石川栄作 「ニーベルンゲンの歌」を読む

WAGNER「ニーベルングの指輪」源泉
講談社学術文庫 2001年発行 1,100円

 わずか300頁強の文庫が1,100円。高くなりました。こりゃ、新刊書は売れんわな。BOOK OFFの100円コーナーで掘り出し物を見つけたほうが楽しみは大きいかも・・・・なんて、言っていると「良書デフレ・スパイラル」に陥ってしまう。最近バカ本しか読んでいないので、こういった歯ごたえのある本には根性が必要なんです。

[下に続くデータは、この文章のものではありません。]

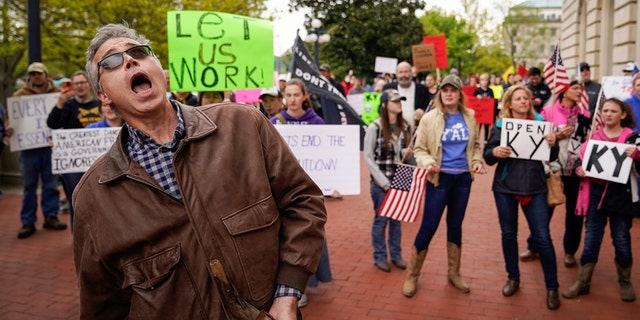 A protestor shouts as hundreds outside of the Kentucky State Capitol to rally against current social distancing requirements and business closures ordered by Gov. Andy Beshear, amid the outbreak of the coronavirus disease (COVID-19), in Frankfort, Kentucky, U.S. April 15, 2020. REUTERS/Bryan Woolston - RC2A5G9XRW3P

 「20世紀最後の自分への宿題」として、昨年末、WAGNER「ニーベルングの指輪」全曲を対訳と首っ引きで全曲聴破!って、当たり前でしょ、全曲CDを3セットも所有していて、まじめに聴けよ、と責めないで下さい。だって14時間でっせ。楽しみのための音楽が苦痛に変わる・・・その苦痛を乗り越えてこそWAGERの真の魅力が見えてくる・・・という説も有力だが、とにかく粗筋は理解しました。(その後、フルトヴェングラー/スカラ座のライヴ全曲を3,990円で購入。これはLP時代に所有していたから欲しかったんです)

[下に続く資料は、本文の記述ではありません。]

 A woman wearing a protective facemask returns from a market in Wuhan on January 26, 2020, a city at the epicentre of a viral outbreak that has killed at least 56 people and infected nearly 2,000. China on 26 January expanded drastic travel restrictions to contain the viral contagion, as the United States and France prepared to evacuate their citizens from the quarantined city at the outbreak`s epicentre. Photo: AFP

 ようやく「指輪」の流れをおぼろげに理解したつもりになって、その時思ったのは、「こりゃ、なにか前提というか、誰でも知っているおとぎ話が欧州に存在するはず」ということでした。怪獣キングギドラが「ヤマタの大蛇」説話からインスピレーションを得ていること、「かぐや姫」とか、義経の判官贔屓、南総里見八犬伝でもいいや、つまり、日本人ならたいてい知っている「前提」みたいなものが「指輪」にもあるはず、ということでした。

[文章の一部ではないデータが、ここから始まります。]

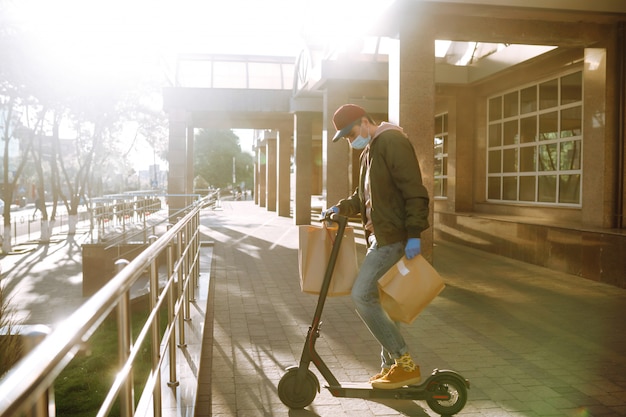 Courier in protective mask and medical gloves on a scooter delivers craft paper packet with food. Delivery service under quarantine, disease outbreak, coronavirus covid-19 pandemic conditions.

 この本、その辺の疑問を一気に氷解させてくれます。中世ドイツ英雄叙事詩「ニーベルンゲンの歌」は13世紀初頭、オーストリアの一詩人がとして書き上げた、とのこと。馴染みの登場人物は多いとは言え、WAGNERとはかなり内容が違います。研究によると、それ以前にも5・6世紀位にはその原型になる「伝説」が存在していたという説もあるし、その後、次々と改変、換骨奪胎されていて、WAGNERもその一過程に過ぎないらしい。

 20世紀に入っても、この題材で戯曲が新たに書き下ろされ、上演されているらしい。ドイツに長く暮らしている方に伺いたいが、「赤穂浪士」並に「ニーベルンゲンの歌」が馴染みなのかどうか。とにかく、歴史と伝統ある筋書きらしいんです。

 WAGNERではジークフリートが主役でしょ?それに絡むブリュンヒルデの愛・・・・でも、もともとは(なんとなく似てはいるが)全然違うんですよ。前提として、神々なんて出てこなくて、王侯貴族の勢力争いだし、この主役二人は全然愛し合う場面なんて存在しません。(グンターの身代わりになって、ブリュンヒルデの嫁取りの試練を乗り越えるところは同じ)グートルーネ(もともとはクリエムヒルト、という呼び名。細かいところでたくさん違いがある)は、忘れ薬を飲まされたジークフリートと結婚するのではなく、ちゃんと結婚しております。

 昔の版ではそのグートルーネ=クリエムヒルトが主役。兄の嫁となったブリュンヒルデと喧嘩し、ジークフリートの暗殺を命じるのは他ならぬブリュンヒルデ。しかも、未亡人となったクリエムヒルトがエッツェル王(アッティラ大王のこと)に再嫁し、兄一族(ハーゲンも登場)に復讐を果たすほうが話しとしては大きい。

 ジークフリートも鍛冶屋に拾われた孤児だったり、ネーデルランド王子だったり、様々な版によりシチュエーションが変わります。黄金を奪ったり、大蛇を退治して不死身になったり、という辺りはお馴染み。ま、ドスケベ・アルベリヒも出てこないし、ウォータンも出てこない。

 もともと、いくつかのお話が合体しているようであり、話しの流れ上設定が歴史的にどんどん変化していくのも読み応え充分。難しい学術的な論文だが、WAGERに馴染んでいる人にとっては、読みこなすことは容易でしょう。訳の分からん「リング」の筋書きだが、この本を読めばなんとなくWAGERの手の内が見えるようで1,100円も高くない。